### ACTION ITEM
Would you please copy the part of the material below that opens with the line containing "Moda tra identità" and closes with the line containing "until the bitter end"? Copy it exactly, and only it.

### EXERCISE INPUT

>>>

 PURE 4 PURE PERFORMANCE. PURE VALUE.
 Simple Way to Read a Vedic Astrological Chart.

<<<
>>>

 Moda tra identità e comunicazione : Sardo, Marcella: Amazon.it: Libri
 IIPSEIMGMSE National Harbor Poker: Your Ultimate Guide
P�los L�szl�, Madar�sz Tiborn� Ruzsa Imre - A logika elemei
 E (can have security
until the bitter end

<<<

### REPLY
 Moda tra identità e comunicazione : Sardo, Marcella: Amazon.it: Libri
 IIPSEIMGMSE National Harbor Poker: Your Ultimate Guide
P�los L�szl�, Madar�sz Tiborn� Ruzsa Imre - A logika elemei
 E (can have security
until the bitter end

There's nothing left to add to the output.